MAX DVD (2015)
SYNOPSIS: Max, a precision-trained military dog serves on the frontlines in Afghanistan until he loses his handler, U.S. Marine Kyle Wincott in the line of duty. Traumatised, Max is sent stateside where the only human he can connect with is Kyle's brother, Justin. The pair strikes up an unlikely friendship as they unravel a mystery that may deliver more excitement and danger than they bargained for.
Max started out as a tribute to all the dogs and their handlers who lost their lives in military service but in the end the supposedly meaningful movie makes way for something that is dark, generic and ultimately disappointing.
While on a routine mission in Afghanistan, U.S. Marine Kyle Wincott (Robbie Amell) and his loyal canine, Max are ambushed by hidden enemies. Kyle is tragically killed and Max after suffering from severe PTSD faced being put down or return to Kyle’s family back in Texas. Max took an instant liking to Kyle’s troubled younger brother Justin (Josh Wiggins) and the two learns to bond with each other over the days.
This will probably go down the sentimental, heartwarming family route for others but director and writer Boaz Yakin (Safe, Now You See Me) has a far larger plan in mind. That is to turn Max into a heroic dog flick which has Max and Justin fighting against an illegal weapon-dealing cartel which conveniently involved Tyler (Luke Kleintank), the shady buddy of the late Kyle.
How Tyler managed to smuggle weapons out of military facilities all the way from Afghanistan to Texas and how he managed to get himself discharge from service is not crucial to the plotting. All the plot holes seems to be insignificant as Yakin spent most of the screentime depicting Justin and his friends, the comic relief Chuy (Dejon LaQuake) and love interest, Carmen (Mia Xitlali) and their bike action in the forest. Once a while, his parents played by Thomas Haden Church (Sideways) and Lauren Graham (Parenthood) pops in to impart family values and lesson and making sure Max is still doing fine.

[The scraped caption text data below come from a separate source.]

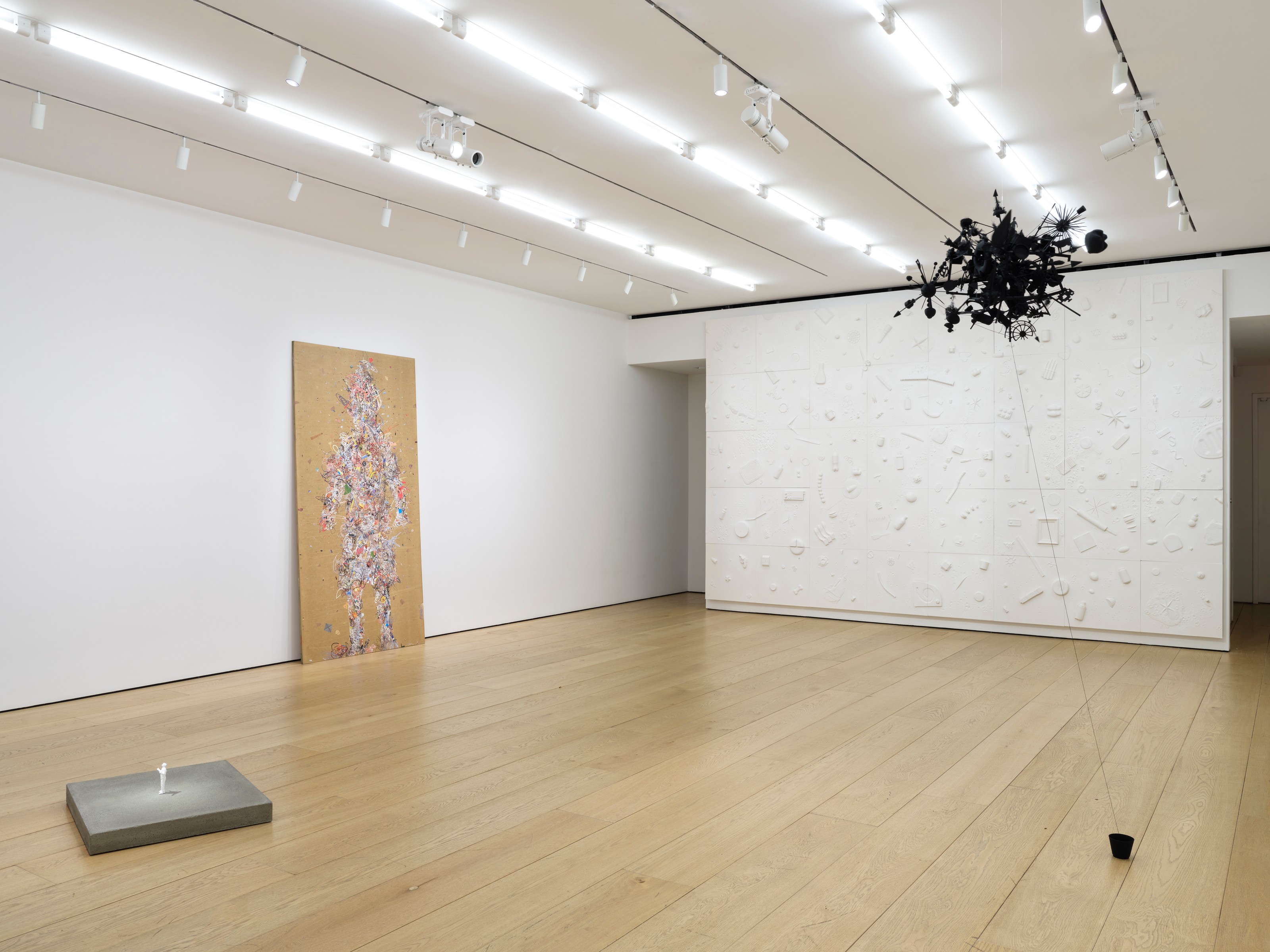 Installation view of Tom Friedman at Lehmann Maupin New York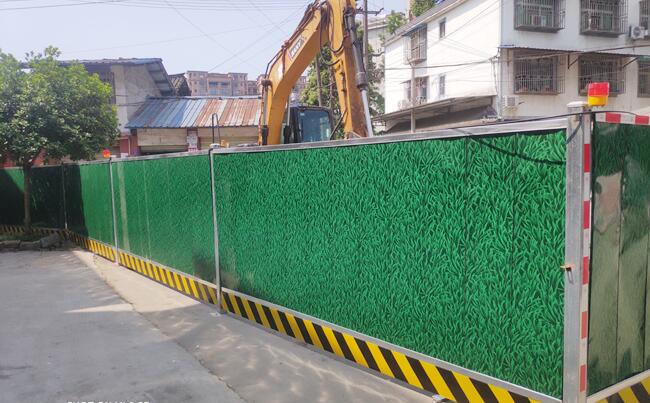資陽建筑工地圍擋成效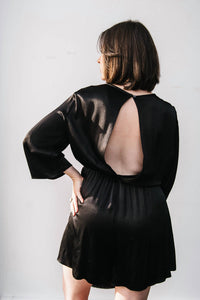 Withblack - SATIN ROMPER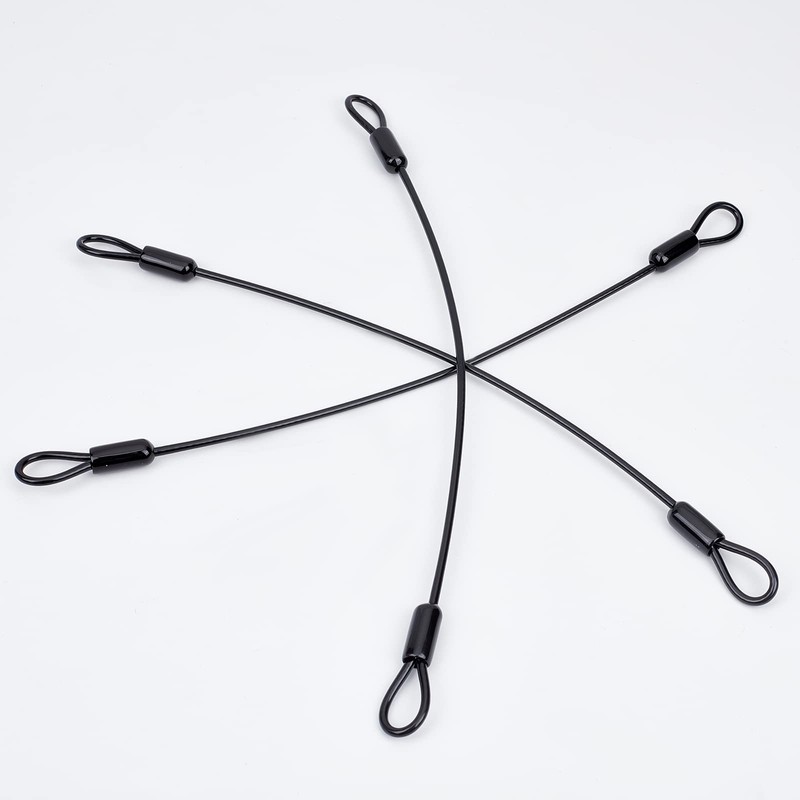 GORGECRAFT 6-Pack Stainless Steel Wire Rope Lanyard Cable Tether Safety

With very little to pull the heartstrings or the meat to display the patriotic work our four-legged heroes have done for the country, Max resort to a climatic finish with plenty of dog fights, gunplay and pyrotechnics to entertain the viewers. Max hints of something far superior but instead of a loud ‘woof’, it’s a mere weak whimper. Those looking for an emotionally satisfying canine flick better check out Marley & Me or Eight Below.
Working with Max is a brief feature that showcases how the trainer got the dogs to act in front of the camera.
Although it looks like a TV feature, the visual quality is pretty handsome. Images are sharp with bright clean colors. Audio is serviceable and soft on the whole except for some nice cool action bits in the climax.